We spoke with Reshma Kapadia, a senior writer at Barron's, about her recent article “How Your Kids Can Ruin Your Retirement, and How to Make Sure They Don’t,” to understand how parents can protect their retirement in the face of rising college tuition costs.
Making the Best Decision
It isn’t necessarily always the best idea to pursue a higher-tier school, even if it is within academic reach of a student. Parents need to carefully consider their finances to make the best decision.
“I will allow that there are certain schools where the networking or prestige where you can make a case that maybe it does help,” Kapadia said. “There might be a case for spending money here. But beyond those 12 or 15 schools, I think it's a much harder case to make.”
Often, the difference between a school ranked 35 versus 55 doesn’t merit the additional expense, she noted. Choice of major and the job prospect landscape post-graduation also need to be considered.

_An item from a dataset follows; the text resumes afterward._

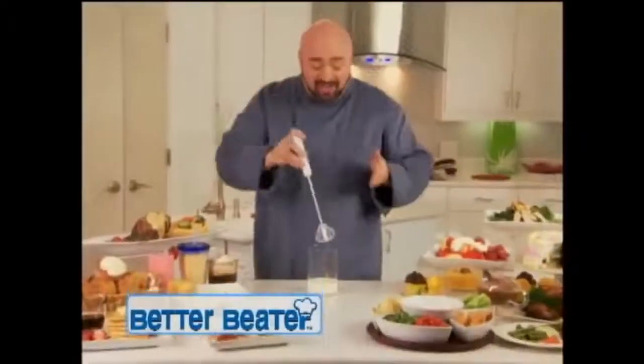There is. Hi, Mark Gill here with the Better Beater — the revolutionary kitchen tool that does all the work for you.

“A lot of people just don't know the resources that are available,” she said. “More affluent folks also just assume they're not going to qualify for financial aid. They don't even think about it or go through the motions.”
The reality is, people need to think of college as an investment decision, Kapadia added, with an eye to their return on investment. Controlling costs can pay off substantially in the long run, both for parents and their children.
“There are many different ways of bringing in that cost,” she said. “It may be worth considering community college or state schools, and just having a realistic expectation of what schools cost.”
Life After Graduation
Adult children are increasingly returning home at higher rates than in the past, Kapadia noted. There are many different reasons for this phenomenon. If students took on larger loans to attend college, the debt burden may be challenging to bear right out of school.
The cost of living in many cities is quite high, and even with a degree in a high-demand field, graduates may still have trouble making ends meet.
Offering assistance may be well-intentioned, but it needs to be done in the right way, Kapadia stated. Often, parents are stretching financially to help their children, without considering the impact it is having on their own retirement.
“Sometimes, it creates bad financial habits in that adult child, and it creates a cycle,” Kapadia said. “These are things to consider. There are ways to help your children if you have the means to do so without creating that negative cycle.”
Paving the Way for Success
It is important to create a financial dialog with children, Kapadia stated. This can resolve a lot of potential problems before they become large issues, and temper expectations about what is feasible in the future.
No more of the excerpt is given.